Hourly Travel Compensation
JM in ATL
305 Posts
According to the FLSA we need to compensate an employee who spends his time traveling "within normal business hours". I have an hourly employee who will be traveling for work on a Sunday. This is outside of his normal business hours.
Can anyone point to a specific document which states that we are required to pay him? I believe we are b/c he is traveling on his day off for business purposes, but I want to support this with documentation.
Thanks!
Can anyone point to a specific document which states that we are required to pay him? I believe we are b/c he is traveling on his day off for business purposes, but I want to support this with documentation.
Thanks!
Comments
Travel Away from Home
Travel that keeps an employee away from home overnight is travel away from home. Travel away from home is clearly work time when it cuts across the employee’s workday.
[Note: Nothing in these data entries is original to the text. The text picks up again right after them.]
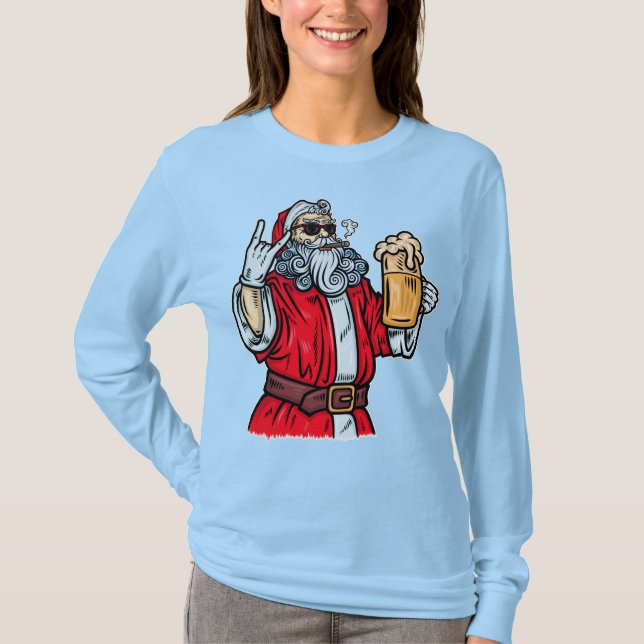 Camiseta Papai Noel Mau, Rocha, Cerveja e Charuto (Frente)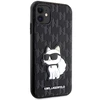Karl Lagerfeld dėklas, skirtas iPhone 11 / Xr KLHCN61SAKHPCK juodos spalvos Saffiano Monogram Choupette
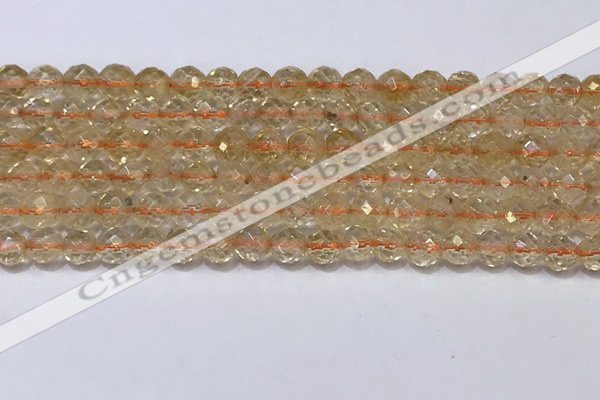 CCR325 15.5 inches 6mm faceted round citrine gemstone beads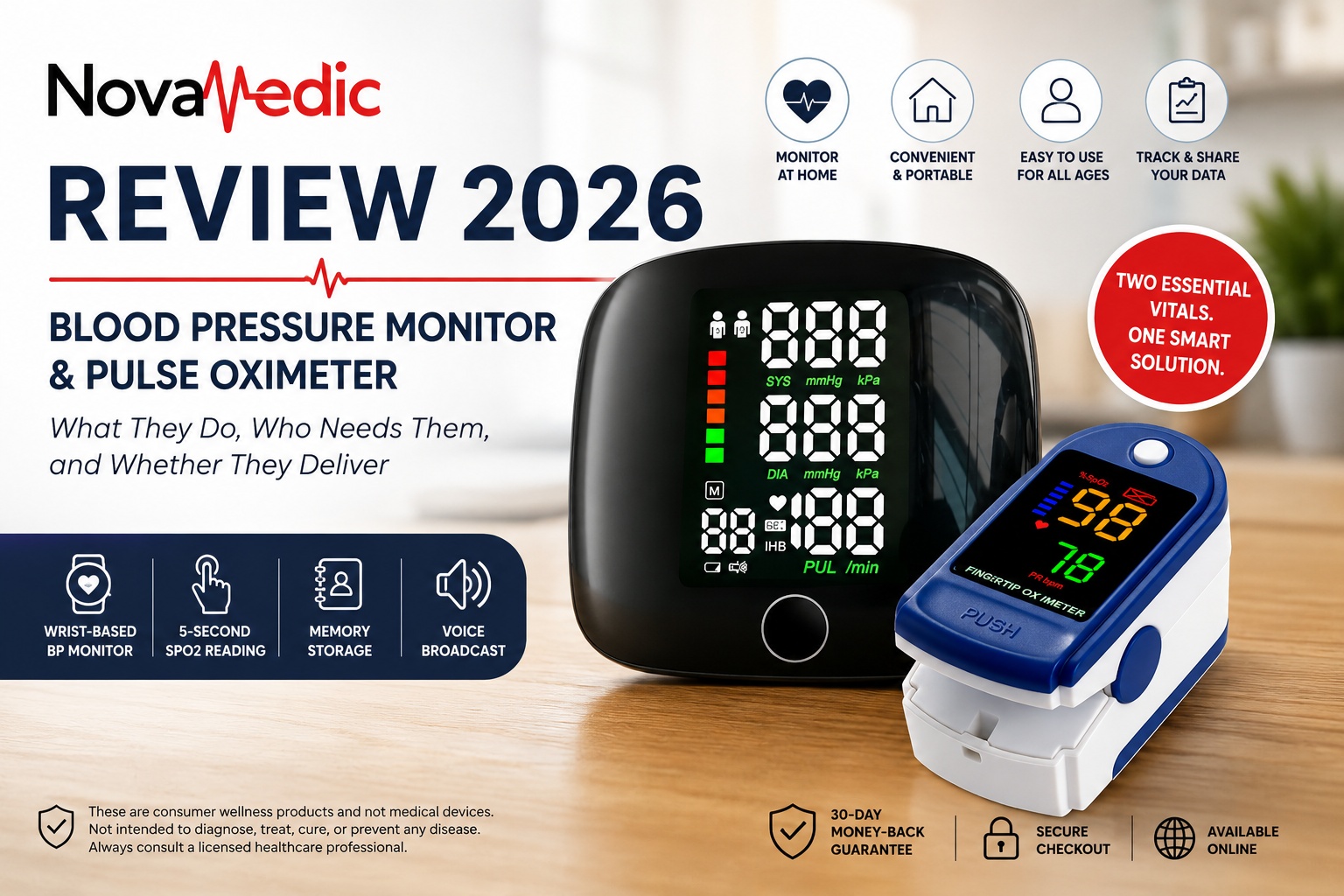 NovaMedic Pro Blood Pressure Monitor & Pulse Oximeter 2026 Consumer Guide Covers At-Home Wellness Tracking Features, Pricing, and Brand Transparency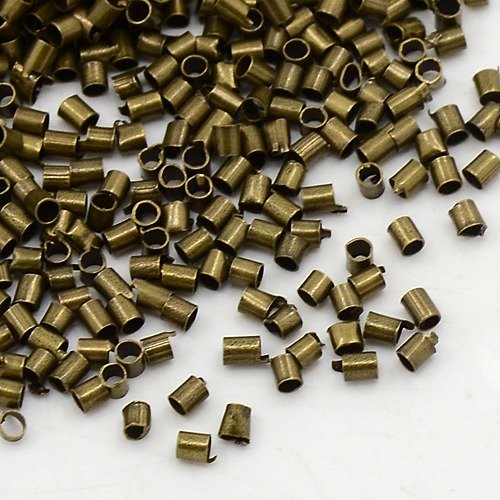 250 MESSING QUETSCHPERLEN CRIMPS QUETSCHRÉRCHEN BRONZE 2mm STOPPER CRIMP BEADS M129 von Perlin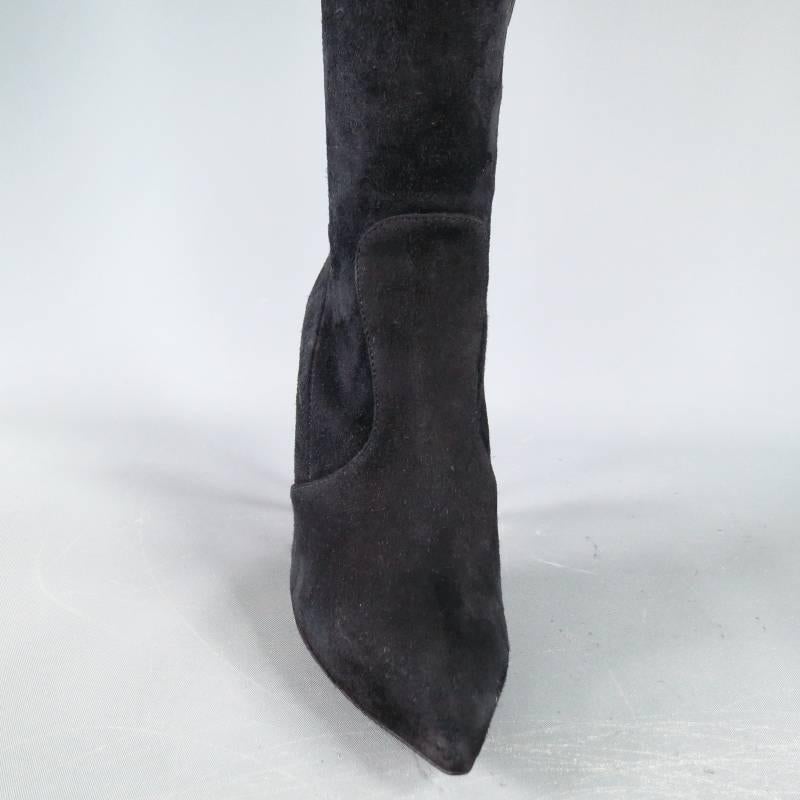 GIUSEPPE ZANOTTI Size 6.5 Black Suede Pointed Over the Knee Yvette Heel Boots In Excellent Condition In San Francisco, CA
The employee is simply substituting travel for other duties.
This rule applies not only to hours worked on regular working days during normal working hours; it also applies during the corresponding hours on nonworking days. Thus if an employee regularly works from 9 a.m. to 5 p.m. from Monday through Friday, the travel time during these hours is work time on Saturday and Sunday as well as on the other days. Regular meal period time is not counted.
So, you pay him for the time he travels during his regular work hours on Sunday. Now if he is a passenger in a train, plane, etc. I believe that changes things.
[url]http://www.dol.gov/esa/regs/compliance/whd/whdfs22.htm[/url]
Scroll down to travel outside the community. It clearly says travel time that occurs even on non-work days but during normal working hours is compensable.
This is one situation where I believe the law sets the minimum, and it is good business practice to go beyond that.